Facebook removed more than 20 pages tied to Internet provocateur Alex Jones and InfoWars Tuesday after the Silicon Valley giant updated its policies to prevent banned accounts from resurfacing in different forms.
The company’s decision comes several months after the company banned four of Jones’ pages August — Twitter and YouTube followed shortly thereafter. Facebook changed its “recidivism policy” in January, which previously banned users from creating similar pages to those that were deleted.
“We updated this policy because we saw people working to get around our previous recidivism policy by using existing Pages that they already manage for the same purpose as the Page we had removed for violating our Community Standards,” a company representative told tech outlet Recode Tuesday.
Prior to January, the policy applied to newly created accounts, the representative said, meaning Jones could still use existing pages that looked like those that Facebook previously suspended. The policy change closes the loophole, giving the company the ability to ding 22 other pages tied to Jones.
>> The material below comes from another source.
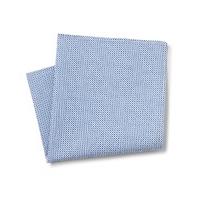 Navy White Spot And Cross Cotton Print Pocket Square - Savile Row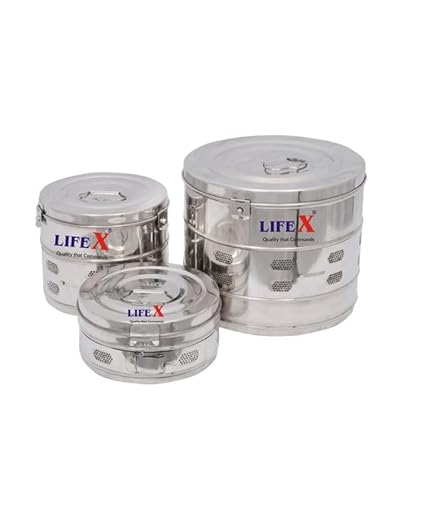 LIFE X Stainless Steel Dressing Drum (Seamless)  11x9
Facebook’s decision to remove the pages is significant given CEO Mark Zuckerberg’s comments suggesting that he didn’t think Infowars should be banned. The company’s policies are complex and frequently are criticized for not being transparent. Accounts are banned after receiving a fixed number of strikes, but there’s a rub: users are never told how many strikes they have.
Jones received a one-week suspension from Twitter in August after CNN provided the platform with a number of instances where his tweets appeared to violate the company’s user policies. Conservatives argue Twitter targets them for their political positions.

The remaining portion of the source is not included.